In Germany, we currently discern 4 main types with 16 subtypes:
(based on the WHO-definitions)
  • type 1-Diabetes mellitus: destroyed beta cells in the Langerhans-islets of the pankreas cause an absolute lack of insulin
    • type 1a: auto-immune disease
    • type 1b: idiopatic ( that means: with unknown cause)
  • type-2-Diabetes mellitus: different combinations of insulin resistance (that's when you produce enough insulin, but your cells can't take in the sugar molecules the insulin set free from your food), hyperinsulinism (that's when your body produces too much insulin), relative lack of insulin, faulty secretion of the pancreas
    • type 2a: without obesity
    • type 2b: with obesity
  • other specific types
    • A: genetc defect of the beta cells (resulting in a flawed insuline secretion) (e.g.all types of MODY- maturity onset diabetes of the young)
    • B: rare genetic flaws in the effectiveness of insulin
    • C: pancreas illness or destruction (eg. pancreatitis, cystic fibrosis, hemochromatosis)
    • D: hormonal dysfunctions (endokrinopathies) (e.g. Cushing-syndrome, acromegaly, pheochromocytoma)

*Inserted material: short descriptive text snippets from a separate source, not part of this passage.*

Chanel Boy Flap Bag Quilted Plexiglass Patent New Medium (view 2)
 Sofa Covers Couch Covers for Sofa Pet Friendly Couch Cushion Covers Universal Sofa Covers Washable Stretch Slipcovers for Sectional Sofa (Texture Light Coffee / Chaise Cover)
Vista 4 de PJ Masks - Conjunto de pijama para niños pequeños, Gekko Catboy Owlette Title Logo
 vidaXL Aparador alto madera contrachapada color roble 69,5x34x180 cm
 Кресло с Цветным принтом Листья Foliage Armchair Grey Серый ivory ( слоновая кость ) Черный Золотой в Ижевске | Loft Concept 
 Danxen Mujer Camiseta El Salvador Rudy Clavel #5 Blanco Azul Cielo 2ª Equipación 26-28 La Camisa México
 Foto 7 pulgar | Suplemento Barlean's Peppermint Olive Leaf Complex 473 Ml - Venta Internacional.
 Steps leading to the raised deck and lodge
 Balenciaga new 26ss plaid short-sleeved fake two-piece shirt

    • E: diabetes caused by medication or chemicals (drugs, poisons, glukokortikoids, Neuroleptica, alpha-Interferon, pentamidin)
    • F: infections
    • G: unusual forms of immune system-based diabetes
    • H: other genetic syndromes associated with diabetes
  • diabetes during pregnancy (gestational diabetes)
    • first time manifestation of type 1 diabetes
    • first time manifestation of a type 2 diabetes
    • first time manifestation of other specific forms of diabetes
    • previousely manifest but not diagnosed type 2 diabetes (that's the most likely one during the first 3 months of pregnancy)
In case you wondered: I'm a type 2b with insulin resistance: my pancreas produces a normal quantity of insulin but my muscle and nerve cells can not take it in - picture it like a gazillion of tiny valves in the cell walls that are all blocked. The sugar remains in the blood and after a while the liver - who permanently checks the blood's nutrient contents - shrugs and says "ok, if you don't want it I'll store it for bad times" and turns the sugar into fat. This way one gets plumper and plumper while slowly but surely starving to death.
 
Nowadays, as a patient you don't only need patience but medical knowledge and the ability to assert yourself forcefully

Exactly.
And one of the medical fields in which it became absolutely unbearable is obstetrics, at least in France. It became almost impossible to give birth naturally, or at least without artificial ocytoxin injections and anesthesia, even if you want to...Birth has become one big medical package you buy from the hospital, with mandatory procedures that are used only to make sure the several births going on at the same time are synchronized enough so it doesn't bother the midwives' plannings...No matter if those useless procedures transform normal births into dangerous, dystocic births. The only important thing is that it provides midwives enough time to get their "cigarette break" at the appropriate time...
 
In that case I'd recommend Germany: over here, you can give birth at home if you like. However, if there is a medical prob they'll bring you to hospital and let lose the whole chemical and mechanical arsenal on you. Midwifes in Germany must be insured against all sorts of complications. That's good for the patient but expensive for the midwives and therefore many of them quit their job. Atm we are desperately searching for new ones all over the country.
But the few ones that are left have generally a good reputation and give you a chance to deliver your baby the way you and nature intend.